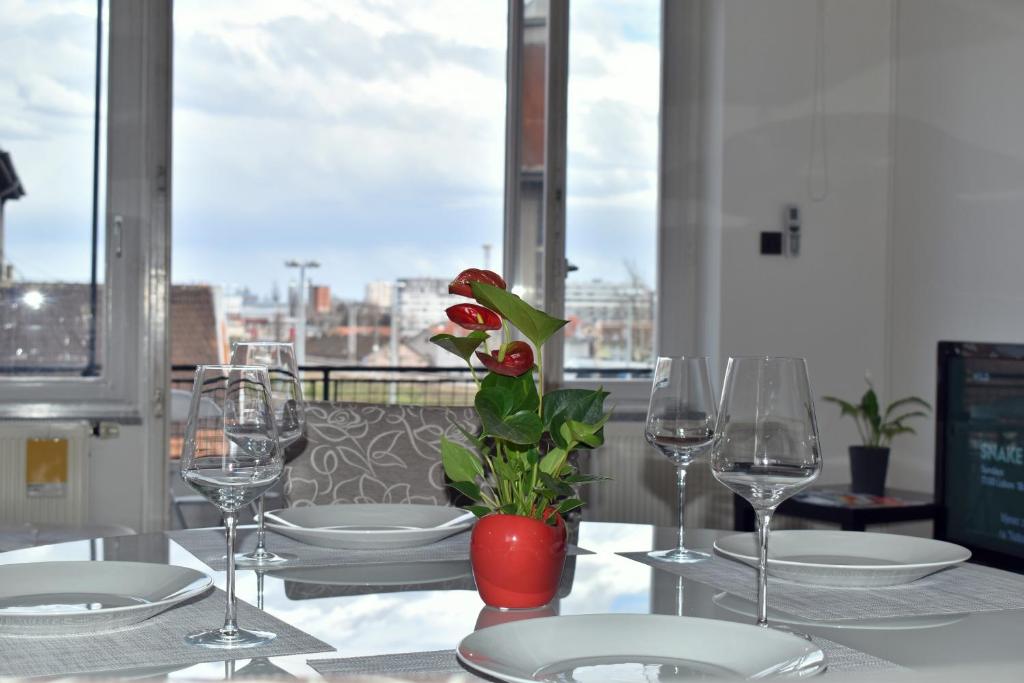 een tafel met glazen en een vaas met een bloem erop bij Apartment Tino in Zagreb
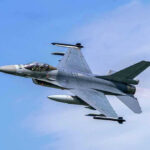 Jet fighter flying through clear blue sky.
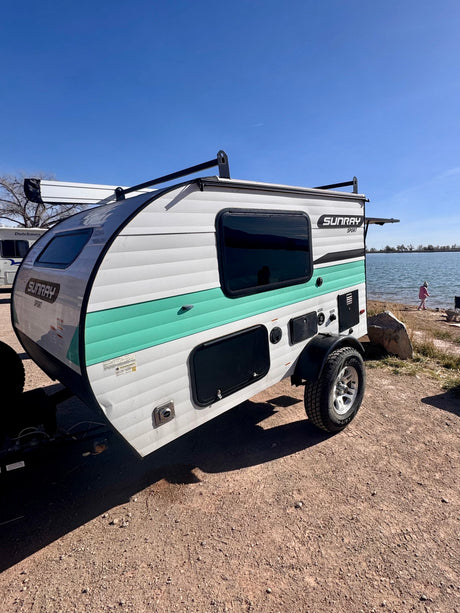 This white & teal Sunray Sport teardrop rv rental is parked lakeside. A child plays nearby on a sunny day.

__________

◆ Task statement
Reproduce all of the data exactly, omitting each picture it holds.

◆ Response
 een tafel met glazen en een vaas met een bloem erop bij Apartment Tino in Zagreb
 Jet fighter flying through clear blue sky.
 This white & teal Sunray Sport teardrop rv rental is parked lakeside. A child plays nearby on a sunny day.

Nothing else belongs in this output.